The fact that smartphone innovation has stagnated is no secret either. A highlight of 2019’s smartphones were devices with multiple cameras. But the phenomenon arguably gained steam with Apple using two cameras in 2016’s iPhone 7. Of course, there had been plenty of dual-camera phones before that, but they were usually seen as gimmicks more than a useful addition.
“The growth engine so far has been replacement and upgrades which will slow down due to elongating replacement cycle because phones are better and it is tough to differentiate one brand model from another in terms of hardware specs and innovation,” said Navkendar Singh, Research Director at IDC.
It’s tough to differentiate one phone from another because there’s no real difference anymore.
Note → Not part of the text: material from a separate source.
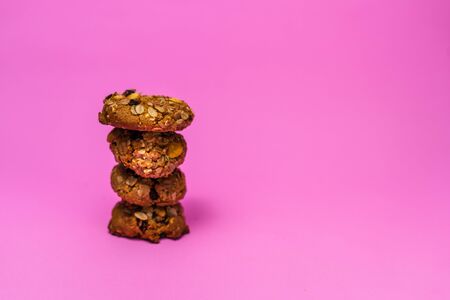Cereal cookies and milk in a glass on a pink backgroundの写真素材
Every phone has multiple cameras today, they all shoot ‘good’ photos, they all have dependable (if not exemplary) battery lives and good screens. In a way, the market is facing a different kind of saturation today, one in technology.
The way forward
But the lack of new features and technologies can’t be attributed to companies alone. Alongside cameras, screens and the usual, tech like artificial intelligence (AI), augmented reality (AR) and foldable screens have also made the news.
So, in essence, what 2019 saw was a new beginning and like Android’s early years, it will take time to seep in. And yes, these technologies will likely not improve noticeably in 2020 either.
AI, by definition, is a technology that needs time to evolve. Think about the Google Maps you used to use in 2015 and the one you use today. The app tells you about speed trap cameras today, whereas it couldn’t find the alley next to your home earlier. AI depends on data, and getting AI software in the hands of consumers is the way to get that data.
In its AI blog about the Pixel camera, Google talks about taking a phone camera’s focusing capabilities below 0.3 lux. According to the Institute of Light Engineers, 0.3 lux is the “illuminance that results from moonlight”, and Google says autofocus on cameras fail beyond this point.
“If you can’t find your keys on the floor, your smartphone can’t focus either. To address this limitation we’ve added two manual focus buttons to Night Sight on Pixel 3 – the “Near” button focuses at about 4 feet, and the “Far” button focuses at about 12 feet,” Google added in the blog.
Similarly, foldable screens are only in their first generation today. Samsung jumped the gun trying to beat others to market, but phones like the Galaxy Fold, Mate X and Moto Razr serve as a proof of concept for what’s to come in the future. There’s work to be done here, we need software meant for foldable screens and we, of course, need the screens themselves to be more dependable.
The likeness here is to when optical light emitting diode (OLED) displays first emerged. While they were compared to plasma screens of yore, the big problem was “burn in”, a phenomenon where a screen retains an image that is displayed on it even after it is removed. We all spoke about it when OLED screens first came into being, but you don’t see many complaints now, do you?
Essentially, while 2019 may not have been the best year in terms of ‘new’ smartphone technology, it did lay the groundwork for the future. It’s not a future you will see realised in 2020 perhaps, but it’s the future for sure.